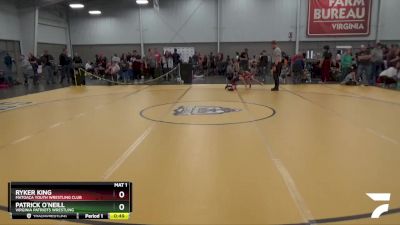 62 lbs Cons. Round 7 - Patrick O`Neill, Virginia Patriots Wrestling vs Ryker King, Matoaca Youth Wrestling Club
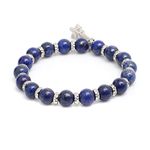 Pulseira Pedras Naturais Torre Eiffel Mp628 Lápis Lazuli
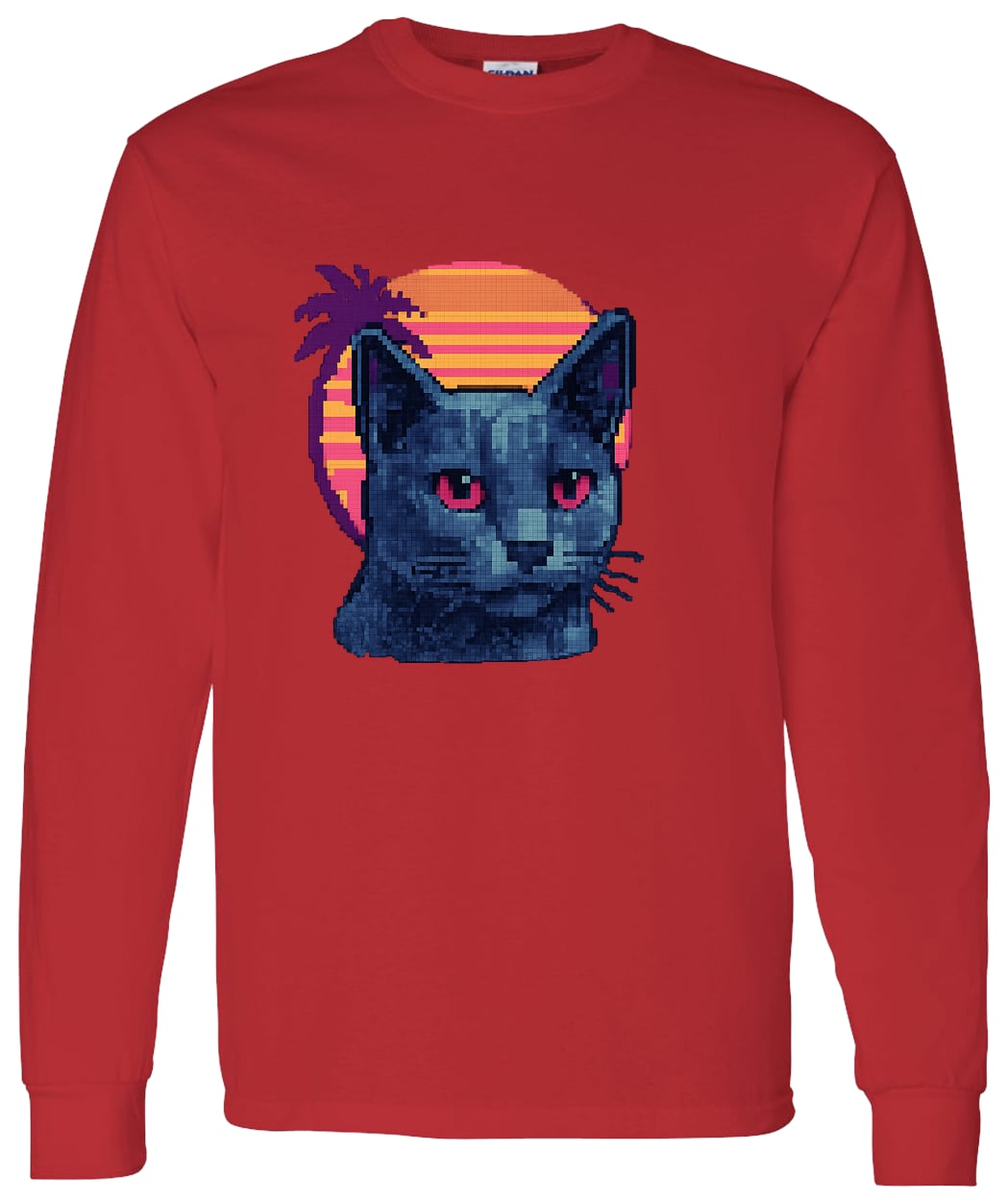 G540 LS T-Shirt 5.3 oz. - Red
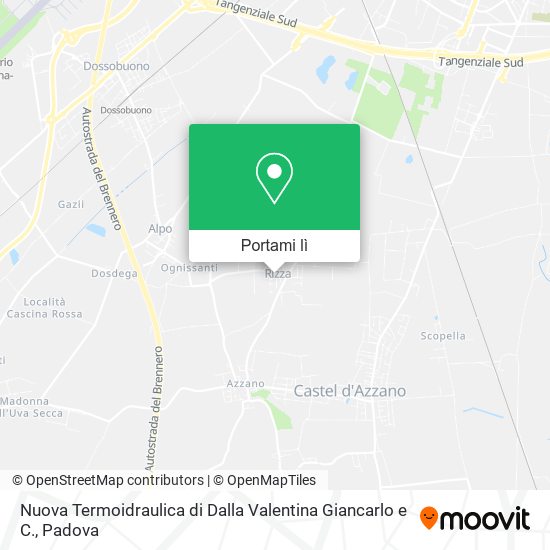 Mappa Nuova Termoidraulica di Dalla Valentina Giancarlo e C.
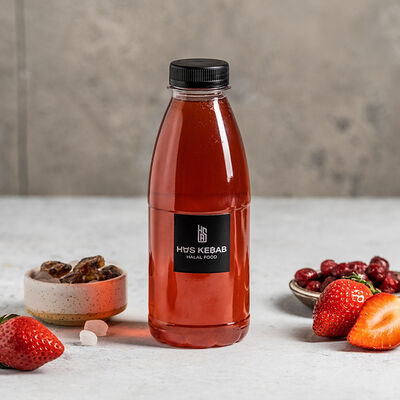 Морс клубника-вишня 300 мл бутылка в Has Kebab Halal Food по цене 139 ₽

--

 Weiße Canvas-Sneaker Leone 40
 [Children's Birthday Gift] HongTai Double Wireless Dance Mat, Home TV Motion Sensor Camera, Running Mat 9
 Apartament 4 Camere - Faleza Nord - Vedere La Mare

---

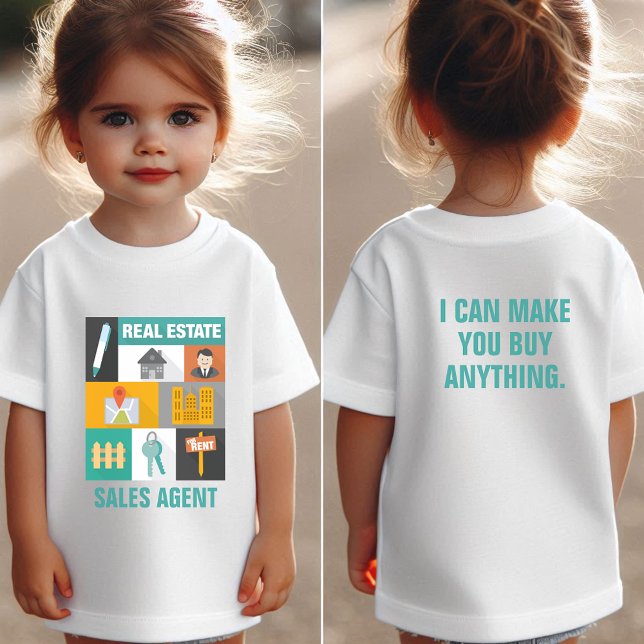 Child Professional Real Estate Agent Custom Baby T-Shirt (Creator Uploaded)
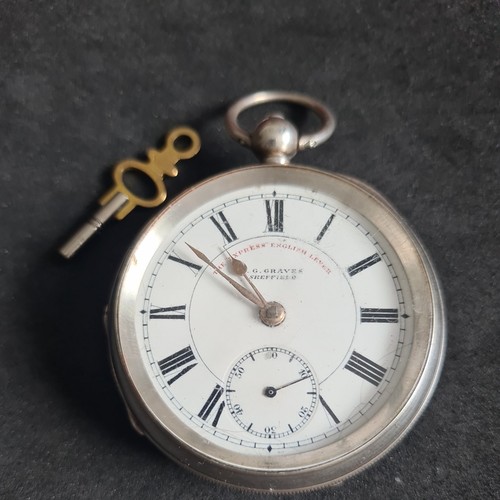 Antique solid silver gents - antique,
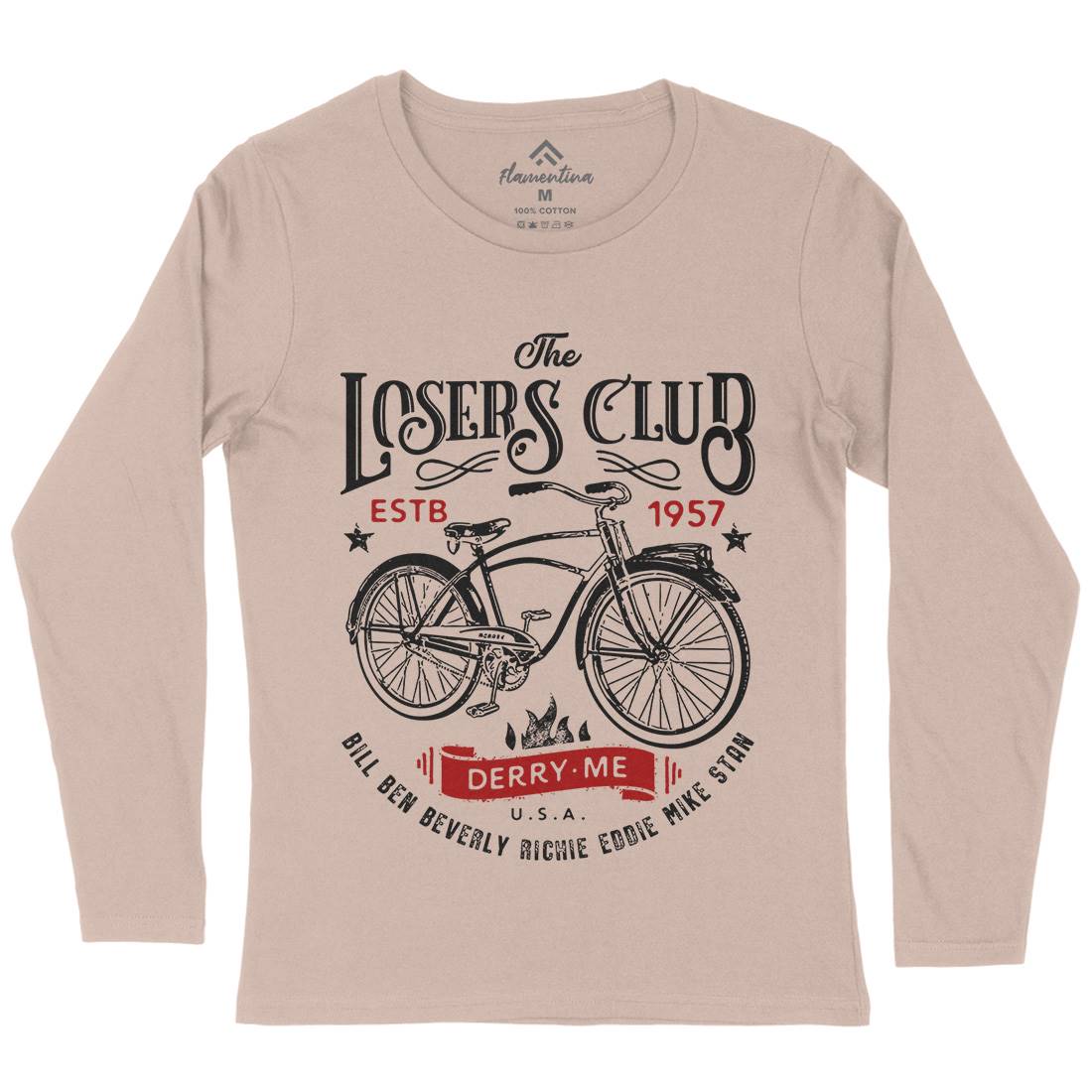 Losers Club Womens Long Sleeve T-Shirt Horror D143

**ACTIVITY**
Look above for the line with "Child Professional Real", then give again exactly every line from there through the line with "Losers Club Womens", skipping the pictures.

**TASK RESPONSE**
 Child Professional Real Estate Agent Custom Baby T-Shirt (Creator Uploaded)
 Antique solid silver gents - antique,
 Losers Club Womens Long Sleeve T-Shirt Horror D143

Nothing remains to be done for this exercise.